# WASP Outlaw G10



## MOJAVE MO (Apr 11, 2018)

When I think about writing a review I feel there should a checklist that somehow can be related to anyone that could be interested in this frame. However, my personal needs and preferences cannot be ignored so ultimately a review becomes a completely subjective journey.

*WASP*: A well known UK maker and supporter of SlingSports. I wanted to check out the Jeffries RTC because of its heritage and provenance. Their shipping to the USA was fair so I loaded the box up with some more goodies including this Outlaw in G10. The package was well done and arrived in a reasonable amount of time given that nobody works in the post office anymore.

*G10:* It costs money. It isn't magical. It has more heft, feels tacky, and has yet to chip or scratch if I happen to drop a G10 frame. I don't allow ForkHits and rarely say the word as to avoid annoying the SlingGods. I have seen photos of a G10 FH and believe it would be easy to sand out if desired. I have torn into a G10 frame and it is surprising that material can be removed fairly easily.

*OUTLAW:* Cool name. The first 1/3 of my life I was an Outlaw. The second 1/3 I was finding Outlaw's. This 1/3 of my life I am back to being an Outlaw again. For me this is a Thumb Brace frame. It appears that you can Pinch It but I don't shoot that way. The one tainted part of this review is that I received the Pocket Predator Huntmaster a week before this frame arrived and for me set that frame set standard for a proper Thumb Brace hold.

*The Feel:* It is sized right and locked into the hand very well. The finish and form factor is very, very clean. No blemish or production hacks. It is a 'thin' frame. I have learned to enjoy a frame that is more of a handful due to my older hand being a little arthritic and prone to cramping. You might see this frame become a little fatter or ergonomic the longer I own it. It could end up with a nice swell attached to it if I don't trade it out. I have learned that overpowering any frame is a sure way to make it feel uncomfortable. I am still elastic ignorant due to my personal belief that I can shoot anything if I can get a few shots going in the right direction.

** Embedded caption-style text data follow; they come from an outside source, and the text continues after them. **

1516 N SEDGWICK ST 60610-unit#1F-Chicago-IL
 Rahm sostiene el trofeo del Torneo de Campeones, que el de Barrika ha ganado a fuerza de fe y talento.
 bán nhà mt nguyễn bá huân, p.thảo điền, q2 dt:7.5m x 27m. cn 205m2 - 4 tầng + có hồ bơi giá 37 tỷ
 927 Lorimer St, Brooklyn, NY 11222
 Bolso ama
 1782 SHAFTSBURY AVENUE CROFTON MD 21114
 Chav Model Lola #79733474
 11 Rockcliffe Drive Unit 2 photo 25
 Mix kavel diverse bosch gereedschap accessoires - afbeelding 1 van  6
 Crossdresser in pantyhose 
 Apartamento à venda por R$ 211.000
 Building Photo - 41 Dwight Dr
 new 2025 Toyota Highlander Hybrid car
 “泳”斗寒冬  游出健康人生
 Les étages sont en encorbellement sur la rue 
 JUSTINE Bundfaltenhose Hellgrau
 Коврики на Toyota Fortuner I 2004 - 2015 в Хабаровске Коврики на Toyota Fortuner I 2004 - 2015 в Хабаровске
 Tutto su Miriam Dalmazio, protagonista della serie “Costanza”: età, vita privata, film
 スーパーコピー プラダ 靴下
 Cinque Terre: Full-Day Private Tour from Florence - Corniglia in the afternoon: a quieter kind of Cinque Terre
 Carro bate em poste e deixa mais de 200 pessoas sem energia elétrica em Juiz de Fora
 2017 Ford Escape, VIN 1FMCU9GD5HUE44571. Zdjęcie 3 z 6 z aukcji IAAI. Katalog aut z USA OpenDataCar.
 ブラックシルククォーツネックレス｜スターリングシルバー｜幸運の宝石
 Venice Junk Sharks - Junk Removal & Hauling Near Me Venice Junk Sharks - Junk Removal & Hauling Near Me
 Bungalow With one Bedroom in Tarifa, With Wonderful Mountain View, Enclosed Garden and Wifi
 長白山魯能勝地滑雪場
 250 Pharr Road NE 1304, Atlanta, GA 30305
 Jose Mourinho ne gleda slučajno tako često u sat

*THE SIZE:* 1 3/8 " FORK GAP, 2 7/8" WIDE, Fork Center2Center is 2 1/4". Sorry no decimals out of this yankee!

*SUMMARY: *I think if you are a fan of the WASP brand you already own this frame and really love it. I think if you want to experiment with a WASP frame you might start with the very famous Uniphoxx. I myself didn't get on with it so well and traded it out to Skaard who I believe had a similar experience. Honestly WASP has so many frames it seems like it wouldn't be hard to find one that you couldn't let go. Again the reason I came back around was to check out the RTC by John Jeffries. His custom frames are outstanding and I believe the price is as well! I do like shiny new toys but reaching far past $200.00usd for a frame means to me that I can't find the satisfaction I need out of a nice stick from a tree or out of the 20 something frames I already own. (I started with one slingshot in 1968 and I bet it shoots the same today as it did then.) More importantly is that if I try to just by American products from American companies then America might be around for another year or so. No digs on the UK! My family are duel citizens so to keep the peace I need to throw them a bone on occasion!

Good Luck and thanks for looking!


----------



## 31610 (Aug 20, 2017)

Tacky g10 say what ?


----------



## MOJAVE MO (Apr 11, 2018)

Okay so does 'grippy' sound better?! I've got one frame this is polished G10 the rest are more of a matte finish like my Pocket Predator g10 frames. Even with that, none of my g10 frames are slippery like a poly-frame or other un-natural materials. Actually, what do I know. Most of my frames are covered in camo tape!

Sent from my iPhone using Tapatalk


----------



## Alfred E.M. (Jul 5, 2014)

*I like your review but the frame doesn't do anything for me.*


----------



## Reed Lukens (Aug 16, 2020)

Great Review  I'll be saving some money too...


----------



## Got Bands (May 12, 2016)

nice review


----------



## MakoPat (Mar 12, 2018)

I enjoy reading Mo posts and reviews are the best. Precise and detailed.

When I do order from Wasp Imma get an Imp and at least one more.

Maybe I shouldn't have said I am doing a year of natties. I just keep seeing cool frames everywhere!

Haha...
Thanks for sharing, Mo.


----------



## 31610 (Aug 20, 2017)

MOJAVE MO said:


> Okay so does 'grippy' sound better?! I've got one frame this is polished G10 the rest are more of a matte finish like my Pocket Predator g10 frames. Even with that, none of my g10 frames are slippery like a poly-frame or other un-natural materials. Actually, what do I know. Most of my frames are covered in camo tape!
> Sent from my iPhone using Tapatalk


 ok I understand what u mean . I just hear the word tacky and I think the frame is going to have lint balls stuck to it ;-) after coming out of your pocket . Good review Mo


----------



## skarrd (Jul 20, 2011)

Excellent reveiw Mo,and you know what they say *once an Outlaw,Forever an Outlaw*


----------



## MOJAVE MO (Apr 11, 2018)

I was asked why I cover the majority of my production frames with Camo Tape:

1. If I happen to drop it or slam it in a car door the tape keep the g10 from getting beat up. However, from my limited experience with g10 it seems that it is really easy to remove material if needed.

2. I like the extra grip and look of Camo Tape!

3. It is a bad habit from the old days of racing and competing on a bicycle. If I got a top ten finish I was approach the company of the products I was using. If I couldn't get a sponsorship nod I would proceed to cover their logo's on my gear usually using some tape I borrowed from them. I never got them to change their mind with this display of madness but it was sure fun watching them piss themselves over my effort to mask their free advertising!


----------



## Tag (Jun 11, 2014)

Excellent review


----------